Marketing and data have not yet built those guardrails. The result are elegant systems with corrupted incentives: platforms that promise accountability but cannot be held accountable themselves. It’s not deception,  it’s design.

The cost of convenience

When sellers measure themselves, several things follow:

  • Results lean optimistic.
  • Budgets reward perception over performance.
  • Comparison across systems disappears.

Over time, the scoreboard itself loses credibility. Everyone is reporting, but no one is believing.

The case for an independent gaze

Kant reminded us that reason requires distance — that judgment must be separated from desire. The same is true for institutions. Independence isn’t a formality; it’s the condition for truth.

The goal isn’t to shame self-measurement. It’s to recognize its limits. Feedback loops are valuable; self-reflection is necessary. But when every actor becomes their own judge, objectivity dissolves into performance.

That’s the difference between authority and autonomy: one is accountable, the other is unchecked.

Trust as an operating system

Trust is the invisible infrastructure of the economy. When it leaks, everything seizes. In the data economy, trust isn’t measured in clicks or conversions but in credibility,  in the belief that numbers mean what they claim to mean.
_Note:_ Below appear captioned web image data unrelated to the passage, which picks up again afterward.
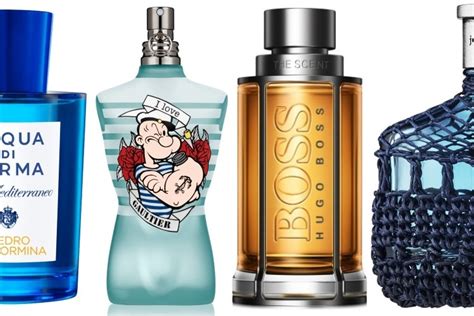 mens fragrances colognes perfumes products  men man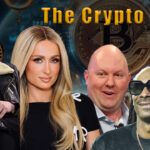 The Crypto Boom: Who’s Behind the Surge and the Bust?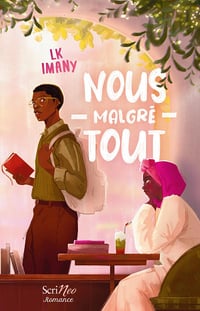 Nous, malgré tout - LK Imany (2026)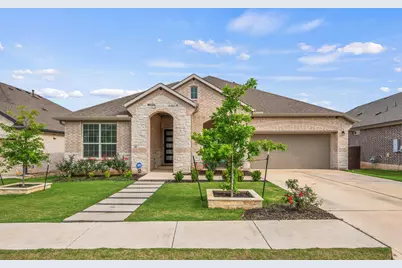 1621 Weavers Bend, Georgetown, TX 78628 - Photo 1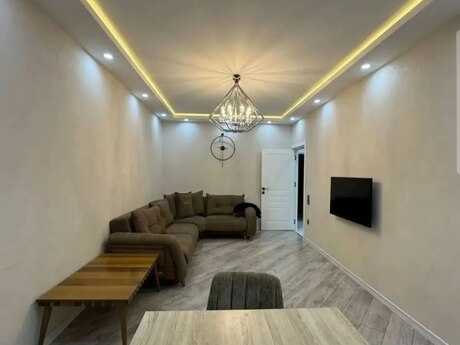 Elan №6312827 - Bakı, Nəsimi m., 2 otaqlı, 70 m², 5/9 mərtəbə
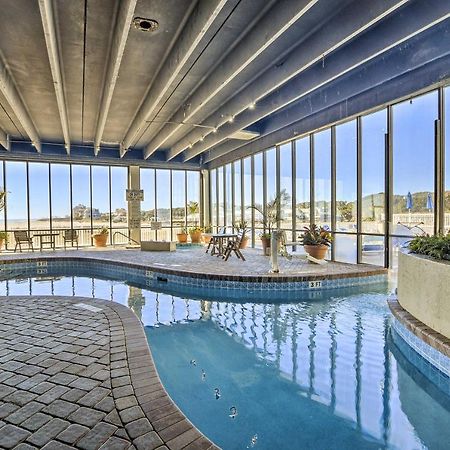 Dreamy Beach Condo With Views And Amenity Access! Myrtle Beach Luaran gambar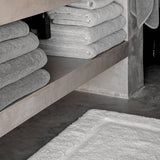 Plush Bath Rug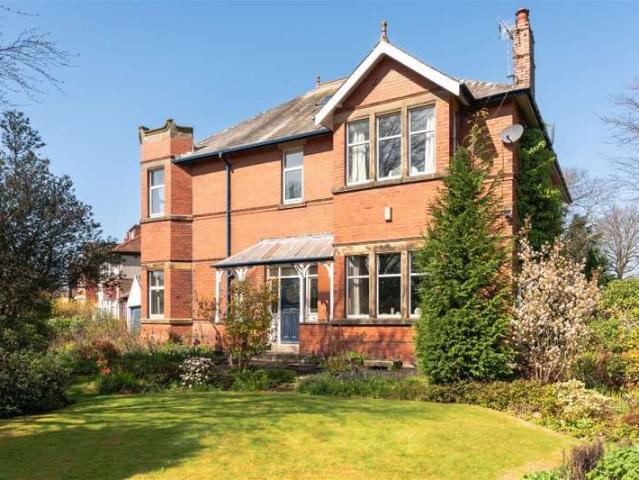 Farm for sale in Newbarns, Barrow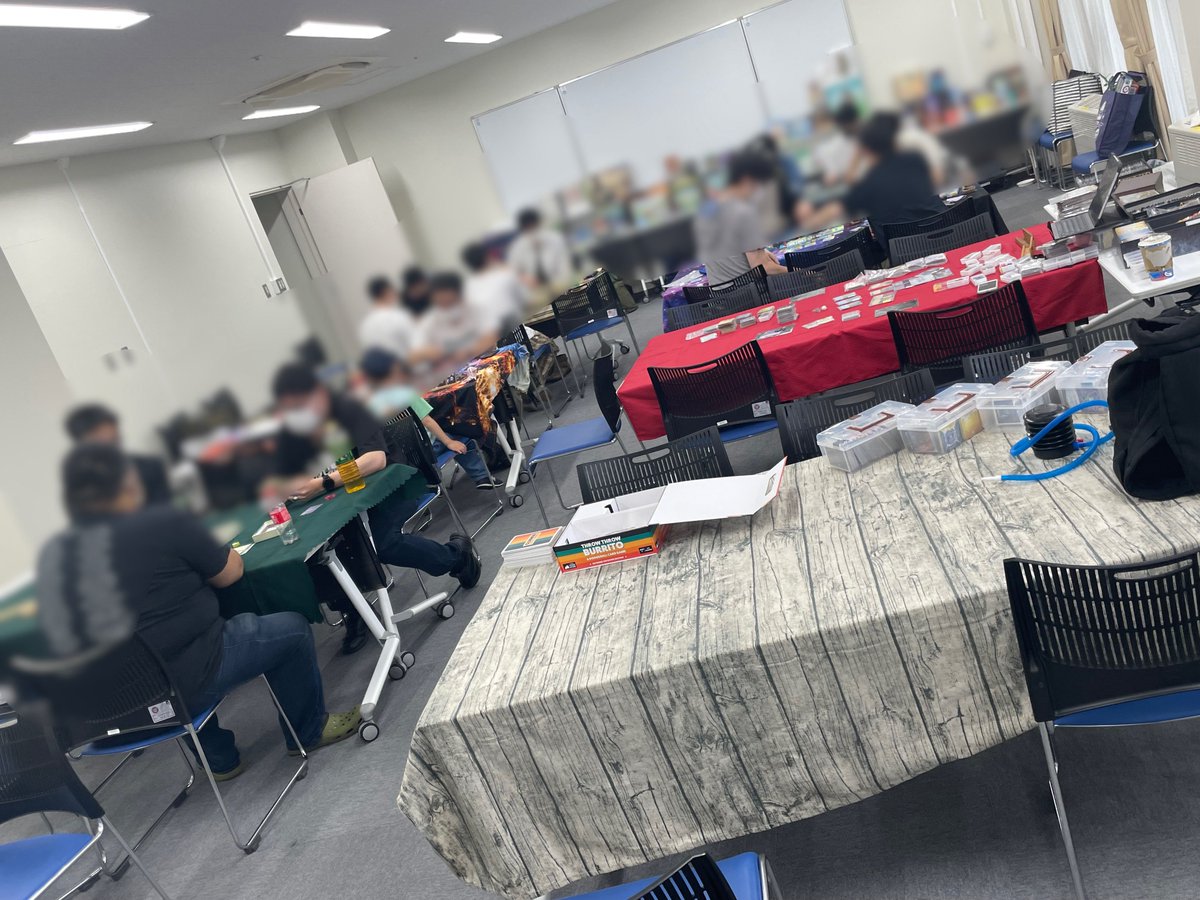 夢月🎲 tweet media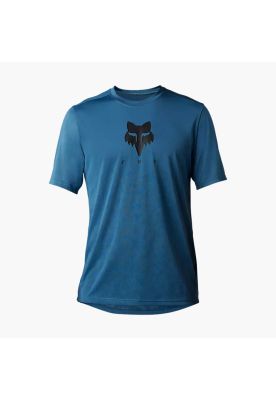 Polera Bicicleta Ranger Trudri™ Azul Fox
We don’t need more metrics. We need independent ones. Systems that separate execution from evaluation, creation from confirmation. Fair arbiters that keep ambition honest.

The future depends on separation

No company should audit its own books, no market should police itself and no platform should be the sole judge of its own performance. The health of the digital economy depends on that separation.

Independence is not opposition. It’s the friction that keeps progress real. Because progress without accountability isn’t progress — it’s choreography.